▶ **DATA PROVIDED**
+++

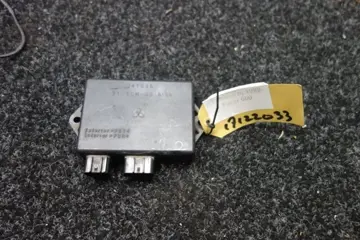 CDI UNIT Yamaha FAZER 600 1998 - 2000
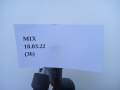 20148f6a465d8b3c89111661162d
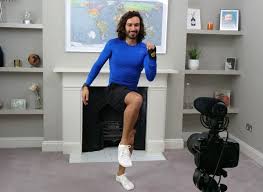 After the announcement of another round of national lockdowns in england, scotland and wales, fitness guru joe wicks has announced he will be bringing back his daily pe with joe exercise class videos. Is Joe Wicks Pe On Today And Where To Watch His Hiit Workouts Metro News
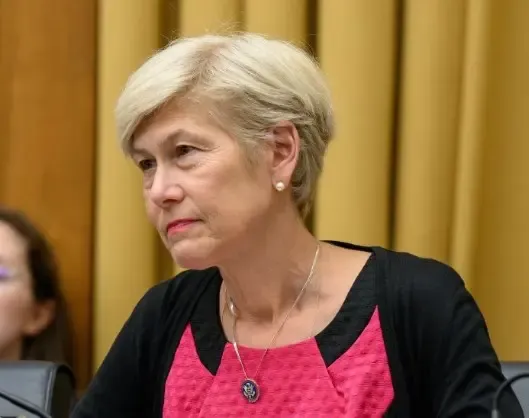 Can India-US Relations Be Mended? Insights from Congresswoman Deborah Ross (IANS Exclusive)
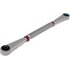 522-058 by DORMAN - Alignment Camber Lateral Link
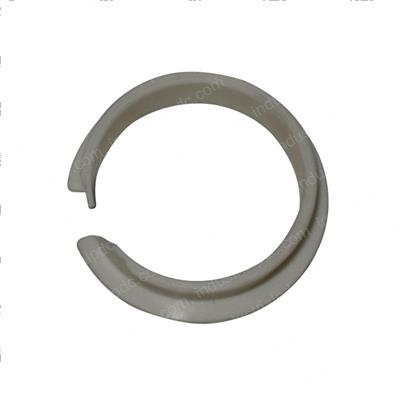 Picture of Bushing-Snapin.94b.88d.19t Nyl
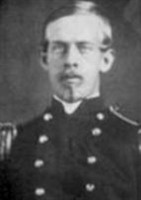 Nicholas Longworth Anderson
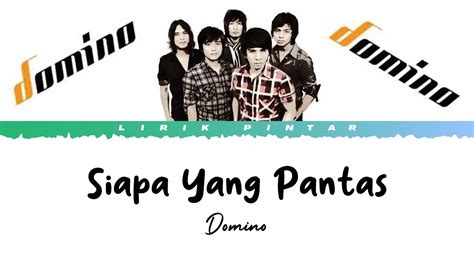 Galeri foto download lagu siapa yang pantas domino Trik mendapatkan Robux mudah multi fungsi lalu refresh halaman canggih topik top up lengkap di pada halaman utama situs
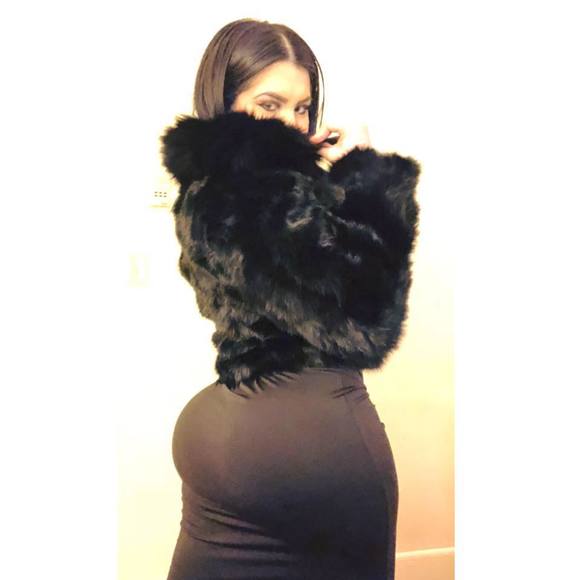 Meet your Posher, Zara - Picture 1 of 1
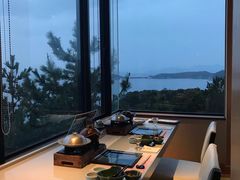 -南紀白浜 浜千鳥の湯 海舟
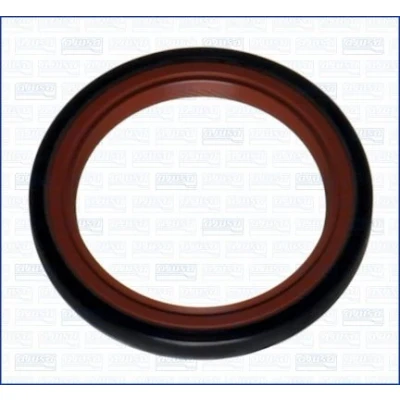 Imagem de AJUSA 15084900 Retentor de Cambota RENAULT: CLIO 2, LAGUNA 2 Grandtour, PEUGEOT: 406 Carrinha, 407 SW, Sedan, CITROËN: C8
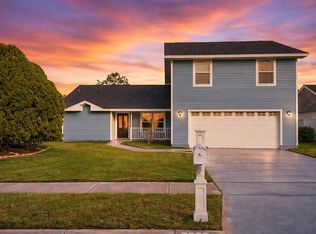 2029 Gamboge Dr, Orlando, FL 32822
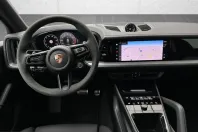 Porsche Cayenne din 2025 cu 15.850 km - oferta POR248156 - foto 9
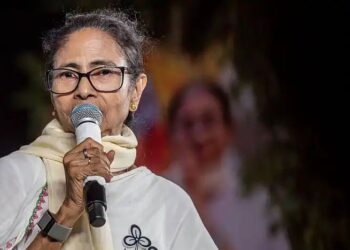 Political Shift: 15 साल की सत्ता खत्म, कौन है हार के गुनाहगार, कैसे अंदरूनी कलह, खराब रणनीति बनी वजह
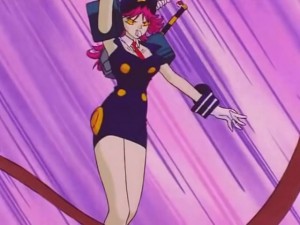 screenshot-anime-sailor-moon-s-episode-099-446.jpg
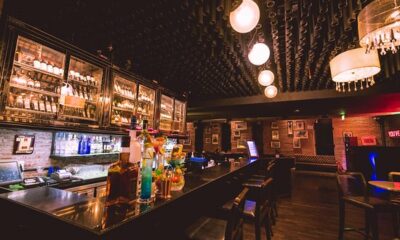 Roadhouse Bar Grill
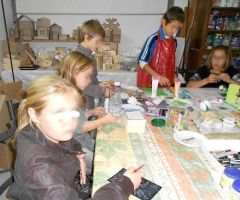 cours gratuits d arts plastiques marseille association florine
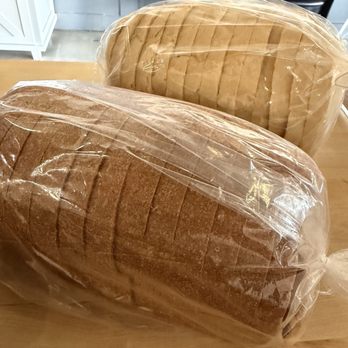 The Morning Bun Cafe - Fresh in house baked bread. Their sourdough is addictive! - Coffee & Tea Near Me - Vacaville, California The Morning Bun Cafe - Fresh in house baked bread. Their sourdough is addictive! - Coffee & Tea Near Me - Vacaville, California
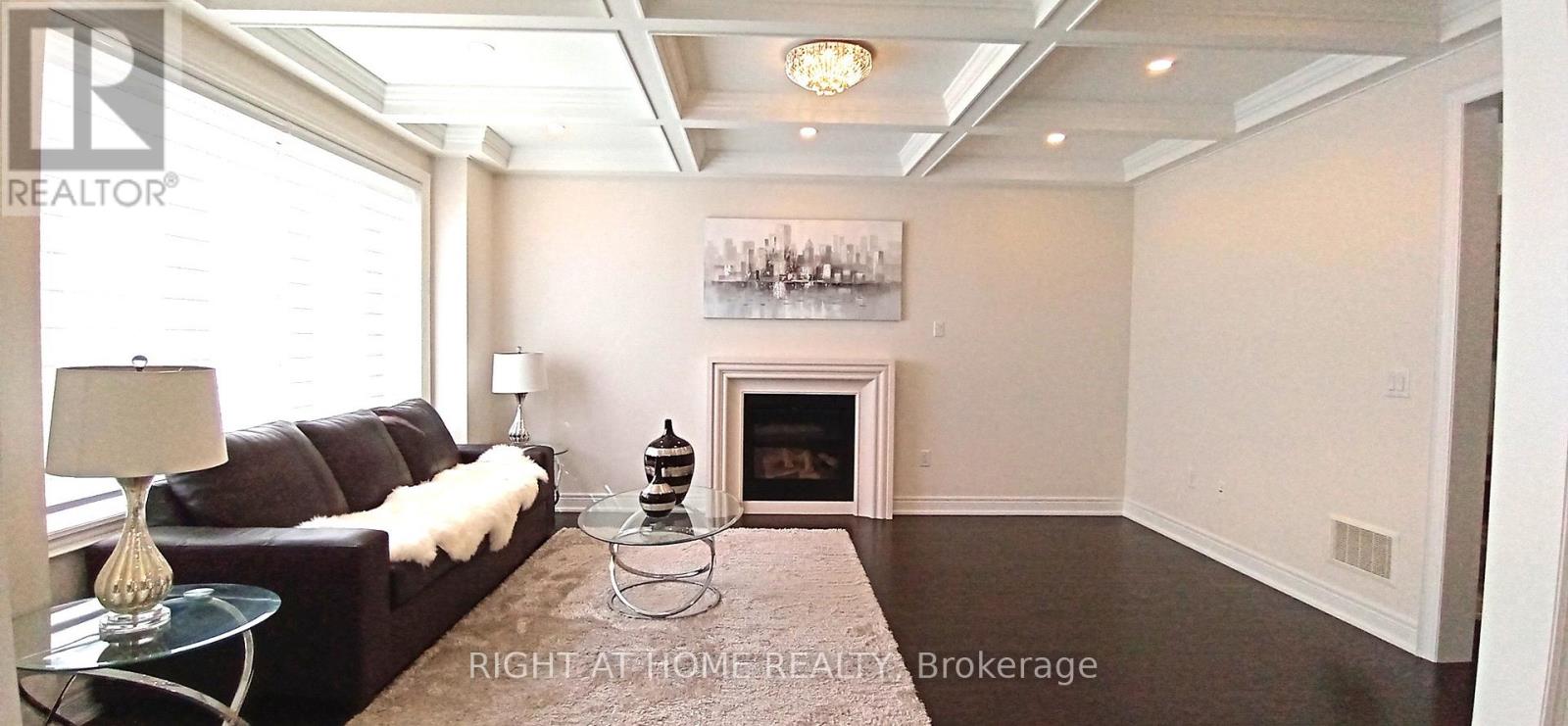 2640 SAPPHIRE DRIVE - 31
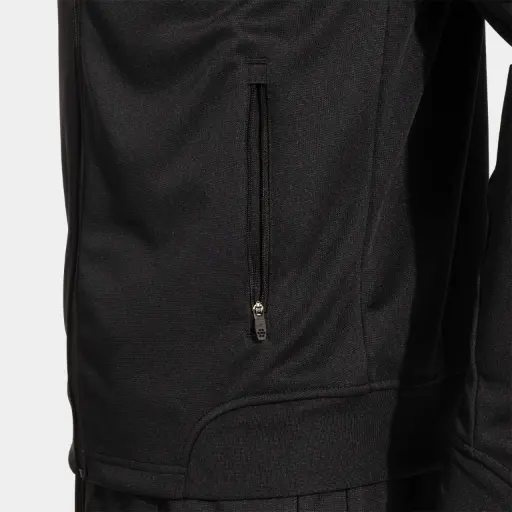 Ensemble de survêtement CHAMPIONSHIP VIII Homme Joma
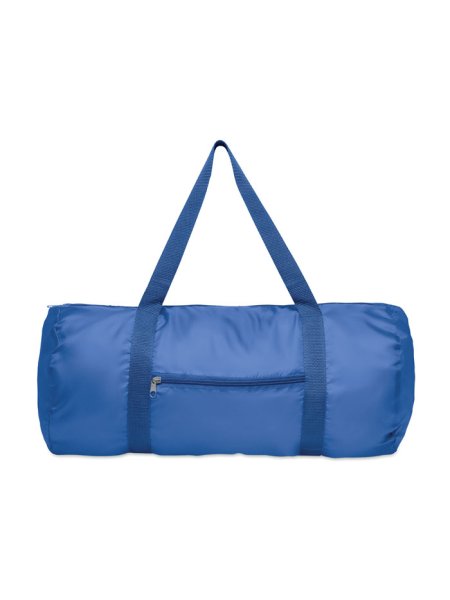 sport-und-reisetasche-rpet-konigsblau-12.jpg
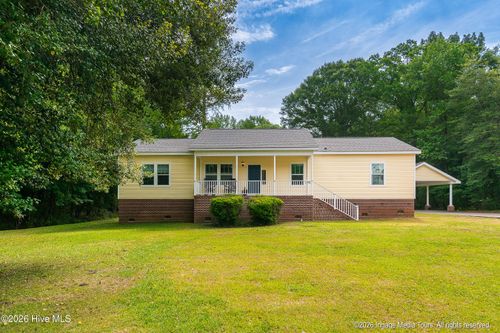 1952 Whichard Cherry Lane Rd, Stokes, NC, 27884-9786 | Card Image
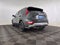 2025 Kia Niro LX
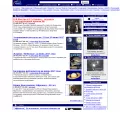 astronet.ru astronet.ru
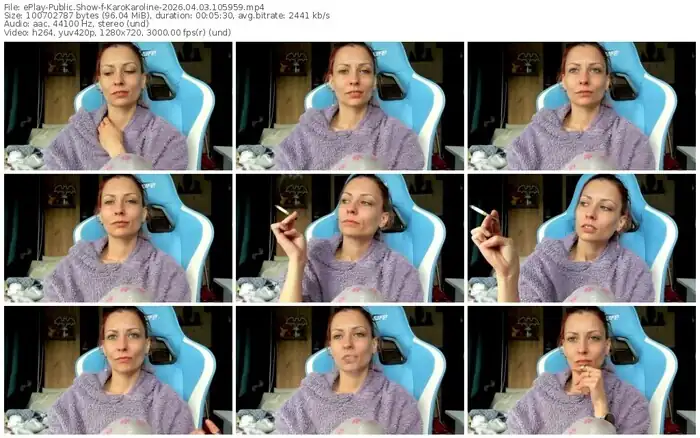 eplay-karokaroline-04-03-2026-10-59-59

+++

▶ **EXERCISE DETAILS**
Return exactly, and only, the lines that run from the line containing "-南紀白浜 浜千鳥の湯 海舟" to the last line of the entries above, both ends included, with pictures left out.

▶ **RESULT**
 -南紀白浜 浜千鳥の湯 海舟
 Imagem de AJUSA 15084900 Retentor de Cambota RENAULT: CLIO 2, LAGUNA 2 Grandtour, PEUGEOT: 406 Carrinha, 407 SW, Sedan, CITROËN: C8
 2029 Gamboge Dr, Orlando, FL 32822
 Porsche Cayenne din 2025 cu 15.850 km - oferta POR248156 - foto 9
 Political Shift: 15 साल की सत्ता खत्म, कौन है हार के गुनाहगार, कैसे अंदरूनी कलह, खराब रणनीति बनी वजह
 screenshot-anime-sailor-moon-s-episode-099-446.jpg
 Roadhouse Bar Grill
 cours gratuits d arts plastiques marseille association florine
 The Morning Bun Cafe - Fresh in house baked bread. Their sourdough is addictive! - Coffee & Tea Near Me - Vacaville, California The Morning Bun Cafe - Fresh in house baked bread. Their sourdough is addictive! - Coffee & Tea Near Me - Vacaville, California
 2640 SAPPHIRE DRIVE - 31
 Ensemble de survêtement CHAMPIONSHIP VIII Homme Joma
 sport-und-reisetasche-rpet-konigsblau-12.jpg
 1952 Whichard Cherry Lane Rd, Stokes, NC, 27884-9786 | Card Image
 2025 Kia Niro LX
 astronet.ru astronet.ru
 eplay-karokaroline-04-03-2026-10-59-59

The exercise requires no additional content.